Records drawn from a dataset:
────────

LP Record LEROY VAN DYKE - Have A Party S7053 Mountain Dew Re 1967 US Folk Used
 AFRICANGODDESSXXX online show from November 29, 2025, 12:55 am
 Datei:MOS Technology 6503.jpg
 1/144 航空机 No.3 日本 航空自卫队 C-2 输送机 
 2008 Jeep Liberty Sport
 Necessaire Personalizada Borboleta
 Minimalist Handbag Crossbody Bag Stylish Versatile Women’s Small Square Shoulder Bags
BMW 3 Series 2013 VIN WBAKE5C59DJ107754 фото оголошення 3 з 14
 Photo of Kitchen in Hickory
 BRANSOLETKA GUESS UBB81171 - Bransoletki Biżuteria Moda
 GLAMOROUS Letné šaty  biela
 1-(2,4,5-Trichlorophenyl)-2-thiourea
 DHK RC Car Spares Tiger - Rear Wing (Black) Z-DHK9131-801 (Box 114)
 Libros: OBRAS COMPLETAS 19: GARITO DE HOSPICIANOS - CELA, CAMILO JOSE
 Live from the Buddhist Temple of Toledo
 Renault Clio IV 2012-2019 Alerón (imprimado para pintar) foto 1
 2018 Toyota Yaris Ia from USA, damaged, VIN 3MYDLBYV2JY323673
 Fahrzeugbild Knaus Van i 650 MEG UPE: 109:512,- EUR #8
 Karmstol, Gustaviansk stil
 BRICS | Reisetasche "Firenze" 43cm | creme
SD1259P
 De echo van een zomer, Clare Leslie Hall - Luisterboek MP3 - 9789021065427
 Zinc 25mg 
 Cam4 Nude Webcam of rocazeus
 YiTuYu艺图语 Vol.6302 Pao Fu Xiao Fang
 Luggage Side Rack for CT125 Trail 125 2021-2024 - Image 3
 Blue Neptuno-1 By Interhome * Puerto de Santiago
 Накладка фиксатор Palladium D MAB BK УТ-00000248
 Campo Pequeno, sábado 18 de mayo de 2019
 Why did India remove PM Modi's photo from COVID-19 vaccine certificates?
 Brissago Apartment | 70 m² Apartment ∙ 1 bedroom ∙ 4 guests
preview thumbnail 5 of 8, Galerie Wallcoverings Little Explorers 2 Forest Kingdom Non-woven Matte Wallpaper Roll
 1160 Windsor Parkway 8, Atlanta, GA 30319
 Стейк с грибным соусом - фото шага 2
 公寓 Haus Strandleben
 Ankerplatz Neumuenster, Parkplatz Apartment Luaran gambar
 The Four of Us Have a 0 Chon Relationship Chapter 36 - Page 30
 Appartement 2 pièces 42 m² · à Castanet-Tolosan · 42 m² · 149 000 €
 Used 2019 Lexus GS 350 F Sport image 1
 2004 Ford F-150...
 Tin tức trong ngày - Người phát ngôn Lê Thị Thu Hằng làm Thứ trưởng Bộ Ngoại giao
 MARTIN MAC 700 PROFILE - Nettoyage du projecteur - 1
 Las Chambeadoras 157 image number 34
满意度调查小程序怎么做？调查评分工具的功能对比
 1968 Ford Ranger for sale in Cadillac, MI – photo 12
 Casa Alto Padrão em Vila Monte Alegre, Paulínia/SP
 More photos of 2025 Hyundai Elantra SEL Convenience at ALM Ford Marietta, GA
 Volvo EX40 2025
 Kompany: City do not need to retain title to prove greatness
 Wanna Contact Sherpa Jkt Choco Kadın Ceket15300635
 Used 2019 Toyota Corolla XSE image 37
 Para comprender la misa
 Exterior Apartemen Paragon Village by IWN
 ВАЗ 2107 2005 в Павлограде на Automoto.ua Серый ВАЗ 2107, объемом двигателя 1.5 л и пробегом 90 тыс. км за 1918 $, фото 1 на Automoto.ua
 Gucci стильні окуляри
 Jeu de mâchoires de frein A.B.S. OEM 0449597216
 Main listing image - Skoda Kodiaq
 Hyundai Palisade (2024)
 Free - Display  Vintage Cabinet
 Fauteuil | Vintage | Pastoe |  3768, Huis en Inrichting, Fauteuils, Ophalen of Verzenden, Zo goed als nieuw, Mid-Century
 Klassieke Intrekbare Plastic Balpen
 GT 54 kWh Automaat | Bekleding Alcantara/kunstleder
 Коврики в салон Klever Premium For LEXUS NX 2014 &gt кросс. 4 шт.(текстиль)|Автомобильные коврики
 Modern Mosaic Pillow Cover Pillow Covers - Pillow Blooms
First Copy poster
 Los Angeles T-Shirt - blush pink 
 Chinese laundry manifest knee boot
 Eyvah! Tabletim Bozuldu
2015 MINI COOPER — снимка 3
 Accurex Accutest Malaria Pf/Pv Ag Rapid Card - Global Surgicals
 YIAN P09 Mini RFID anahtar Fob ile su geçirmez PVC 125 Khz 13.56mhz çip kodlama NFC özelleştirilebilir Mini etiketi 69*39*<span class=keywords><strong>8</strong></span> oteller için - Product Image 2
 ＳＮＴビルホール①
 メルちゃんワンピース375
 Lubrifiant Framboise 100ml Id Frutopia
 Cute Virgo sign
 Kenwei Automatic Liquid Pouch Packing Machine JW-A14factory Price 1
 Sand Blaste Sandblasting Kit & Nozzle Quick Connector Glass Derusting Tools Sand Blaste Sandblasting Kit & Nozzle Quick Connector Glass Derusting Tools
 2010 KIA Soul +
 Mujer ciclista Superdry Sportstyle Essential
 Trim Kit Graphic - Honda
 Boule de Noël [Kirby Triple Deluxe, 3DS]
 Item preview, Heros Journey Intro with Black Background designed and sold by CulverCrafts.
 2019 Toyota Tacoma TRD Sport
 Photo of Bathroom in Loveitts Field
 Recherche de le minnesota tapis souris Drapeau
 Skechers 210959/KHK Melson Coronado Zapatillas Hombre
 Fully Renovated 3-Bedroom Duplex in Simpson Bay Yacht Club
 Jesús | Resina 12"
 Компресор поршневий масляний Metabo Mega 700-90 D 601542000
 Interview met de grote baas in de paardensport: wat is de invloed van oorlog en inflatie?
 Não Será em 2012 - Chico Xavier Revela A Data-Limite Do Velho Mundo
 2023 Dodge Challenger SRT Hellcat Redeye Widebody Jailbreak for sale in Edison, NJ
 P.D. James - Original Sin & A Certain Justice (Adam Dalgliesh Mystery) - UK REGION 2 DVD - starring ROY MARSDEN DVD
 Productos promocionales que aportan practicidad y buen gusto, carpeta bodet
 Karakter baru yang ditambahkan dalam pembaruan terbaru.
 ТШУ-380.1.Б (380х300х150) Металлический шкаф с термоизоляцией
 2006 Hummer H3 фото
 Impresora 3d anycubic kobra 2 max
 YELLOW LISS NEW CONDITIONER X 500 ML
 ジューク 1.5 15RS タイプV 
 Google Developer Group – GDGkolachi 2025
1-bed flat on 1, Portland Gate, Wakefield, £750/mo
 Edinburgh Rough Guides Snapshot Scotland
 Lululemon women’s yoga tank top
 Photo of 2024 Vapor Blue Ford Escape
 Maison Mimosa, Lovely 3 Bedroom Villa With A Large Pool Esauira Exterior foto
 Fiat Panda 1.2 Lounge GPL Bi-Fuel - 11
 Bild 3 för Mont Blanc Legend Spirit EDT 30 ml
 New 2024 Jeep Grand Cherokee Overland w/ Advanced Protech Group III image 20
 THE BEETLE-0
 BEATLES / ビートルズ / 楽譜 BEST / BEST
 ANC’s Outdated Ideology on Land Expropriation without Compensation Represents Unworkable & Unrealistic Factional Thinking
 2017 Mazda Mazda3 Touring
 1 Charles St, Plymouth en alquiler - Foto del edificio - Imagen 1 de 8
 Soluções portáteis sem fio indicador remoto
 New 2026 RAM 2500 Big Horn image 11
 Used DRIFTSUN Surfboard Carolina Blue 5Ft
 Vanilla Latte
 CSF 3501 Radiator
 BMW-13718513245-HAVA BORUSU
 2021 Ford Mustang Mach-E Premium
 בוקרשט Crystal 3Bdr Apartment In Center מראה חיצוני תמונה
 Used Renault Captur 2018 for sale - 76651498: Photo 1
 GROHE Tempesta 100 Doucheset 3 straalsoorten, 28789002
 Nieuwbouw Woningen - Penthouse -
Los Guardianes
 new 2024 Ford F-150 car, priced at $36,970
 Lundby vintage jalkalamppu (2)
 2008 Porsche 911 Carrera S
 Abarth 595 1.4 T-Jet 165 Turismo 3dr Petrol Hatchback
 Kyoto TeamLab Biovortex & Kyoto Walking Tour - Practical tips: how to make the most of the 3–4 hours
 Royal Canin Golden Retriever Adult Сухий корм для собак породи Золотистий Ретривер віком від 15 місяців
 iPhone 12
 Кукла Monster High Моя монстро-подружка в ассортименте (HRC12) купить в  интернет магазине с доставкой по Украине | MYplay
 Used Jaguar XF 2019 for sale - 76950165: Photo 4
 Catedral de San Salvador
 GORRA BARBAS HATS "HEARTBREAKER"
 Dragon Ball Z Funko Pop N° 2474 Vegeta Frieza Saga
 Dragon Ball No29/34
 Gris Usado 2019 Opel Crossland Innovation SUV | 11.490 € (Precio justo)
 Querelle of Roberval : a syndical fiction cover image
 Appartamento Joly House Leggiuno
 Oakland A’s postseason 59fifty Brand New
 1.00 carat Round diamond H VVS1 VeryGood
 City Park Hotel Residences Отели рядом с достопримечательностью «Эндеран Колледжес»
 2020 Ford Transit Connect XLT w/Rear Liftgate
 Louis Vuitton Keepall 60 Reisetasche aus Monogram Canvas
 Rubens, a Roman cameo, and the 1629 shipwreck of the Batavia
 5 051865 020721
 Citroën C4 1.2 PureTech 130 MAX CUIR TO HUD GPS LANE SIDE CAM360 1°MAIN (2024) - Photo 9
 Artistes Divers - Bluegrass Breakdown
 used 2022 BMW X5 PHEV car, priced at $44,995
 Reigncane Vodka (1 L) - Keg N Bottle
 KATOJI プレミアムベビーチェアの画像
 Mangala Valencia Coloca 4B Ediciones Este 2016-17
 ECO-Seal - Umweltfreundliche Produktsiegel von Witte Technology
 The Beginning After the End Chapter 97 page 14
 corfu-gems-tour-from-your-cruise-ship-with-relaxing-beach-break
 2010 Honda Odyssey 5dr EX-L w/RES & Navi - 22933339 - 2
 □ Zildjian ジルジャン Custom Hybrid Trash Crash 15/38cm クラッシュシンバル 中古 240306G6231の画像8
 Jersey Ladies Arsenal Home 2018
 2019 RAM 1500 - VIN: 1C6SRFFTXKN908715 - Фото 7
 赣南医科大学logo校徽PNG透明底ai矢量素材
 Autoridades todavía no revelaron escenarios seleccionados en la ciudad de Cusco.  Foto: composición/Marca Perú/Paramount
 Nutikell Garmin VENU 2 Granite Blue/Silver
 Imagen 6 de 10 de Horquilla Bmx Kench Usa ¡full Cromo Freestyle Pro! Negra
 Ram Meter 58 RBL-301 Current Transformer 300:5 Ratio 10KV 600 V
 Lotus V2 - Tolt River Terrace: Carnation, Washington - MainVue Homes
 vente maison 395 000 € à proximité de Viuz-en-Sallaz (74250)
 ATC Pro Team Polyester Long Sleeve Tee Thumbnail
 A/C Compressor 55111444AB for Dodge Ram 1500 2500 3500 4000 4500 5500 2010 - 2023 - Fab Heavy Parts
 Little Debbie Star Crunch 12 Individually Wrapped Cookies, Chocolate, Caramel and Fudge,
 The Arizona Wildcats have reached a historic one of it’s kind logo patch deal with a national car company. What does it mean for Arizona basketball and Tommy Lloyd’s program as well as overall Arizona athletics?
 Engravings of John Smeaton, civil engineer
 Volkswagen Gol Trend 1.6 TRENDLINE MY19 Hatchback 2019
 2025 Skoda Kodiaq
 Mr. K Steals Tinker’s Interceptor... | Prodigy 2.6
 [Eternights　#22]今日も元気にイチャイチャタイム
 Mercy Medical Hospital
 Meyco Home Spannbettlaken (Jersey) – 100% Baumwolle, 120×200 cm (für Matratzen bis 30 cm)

────────

What you will do: In the records above, the line with "AFRICANGODDESSXXX online show" marks the start and the line with "Photo of Kitchen in Hickory" marks the end; copy that stretch exactly, both lines included, and nothing else.

Solution:
 AFRICANGODDESSXXX online show from November 29, 2025, 12:55 am
 Datei:MOS Technology 6503.jpg
 1/144 航空机 No.3 日本 航空自卫队 C-2 输送机 
 2008 Jeep Liberty Sport
 Necessaire Personalizada Borboleta
 Minimalist Handbag Crossbody Bag Stylish Versatile Women’s Small Square Shoulder Bags
BMW 3 Series 2013 VIN WBAKE5C59DJ107754 фото оголошення 3 з 14
 Photo of Kitchen in Hickory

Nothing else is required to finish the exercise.